Popek and Goldberg virtualization requirements

The Popek and Goldberg virtualization requirements are a set of conditions sufficient for a computer architecture to support system virtualization efficiently. They were introduced by Gerald J. Popek and Robert P. Goldberg in their 1974 article "Formal Requirements for Virtualizable Third Generation Architectures".[1] Even though the requirements are derived under simplifying assumptions, they still represent a convenient way of determining whether a computer architecture supports efficient virtualization and provide guidelines for the design of virtualized computer architectures.

VMM definition

System virtual machines are capable of virtualizing a full set of hardware resources, including a processor (or processors), memory and storage resources and peripheral devices. A virtual machine monitor (VMM, also called hypervisor) is the piece of software that provides the abstraction of a virtual machine. There are three properties of interest when analyzing the environment created by a VMM:[2]

Equivalence / Fidelity
A program running under the VMM should exhibit a behavior essentially identical to that demonstrated when running on an equivalent machine directly.
Resource control / Safety
The VMM must be in complete control of the virtualized resources.
Efficiency / Performance
A statistically dominant fraction of machine instructions must be executed without VMM intervention.

In the terminology of Popek and Goldberg, a VMM must present all three properties. In the terminology used in the reference book of Smith and Nair (2005), VMMs are typically assumed to satisfy the equivalence and resource control properties, and those additionally meeting the performance property are called efficient VMMs.[3]

Popek and Goldberg describe the characteristics that the instruction set architecture (ISA) of the physical machine must possess in order to run VMMs which possess the above properties.
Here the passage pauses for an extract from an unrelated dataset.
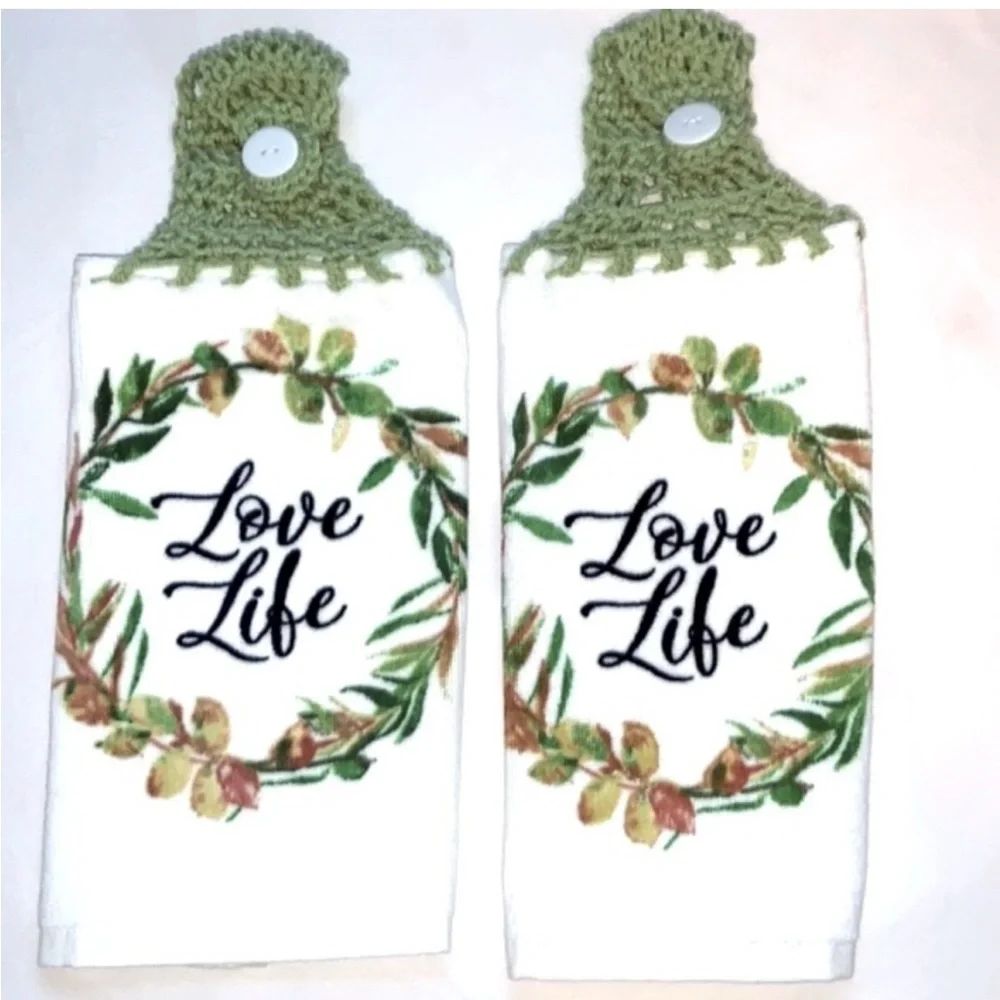 Hand Crafted Kitchen Hand Towels Crochet Hanging Colorful Floral Set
Their analysis derives such characteristics using a model of "third generation architectures" (e.g., IBM 360, Honeywell 6000, DEC PDP-10) that is nevertheless general enough to be extended to modern machines. This model includes a processor that operates in either system or user mode, and has access to linear, uniformly addressable memory. It is assumed that a subset of the instruction set is available only when in system mode and that memory is addressed relative to a relocation register. I/O and interrupts are not modelled.

Virtualization theorems

To derive their virtualization theorems, which give sufficient (but not necessary) conditions for virtualization, Popek and Goldberg introduce a classification of some instructions of an ISA into 3 different groups:

Privileged instructions
Those that trap if the processor is in user mode and do not trap if it is in system mode (supervisor mode).
Control sensitive instructions
Those that attempt to change the configuration of resources in the system.
Behavior sensitive instructions
Those whose behavior or result depends on the configuration of resources (the content of the relocation register or the processor's mode).

The main result of Popek and Goldberg's analysis can then be expressed as follows.

Theorem 1. For any conventional third-generation computer, an effective VMM may be constructed if the set of sensitive instructions for that computer is a subset of the set of privileged instructions.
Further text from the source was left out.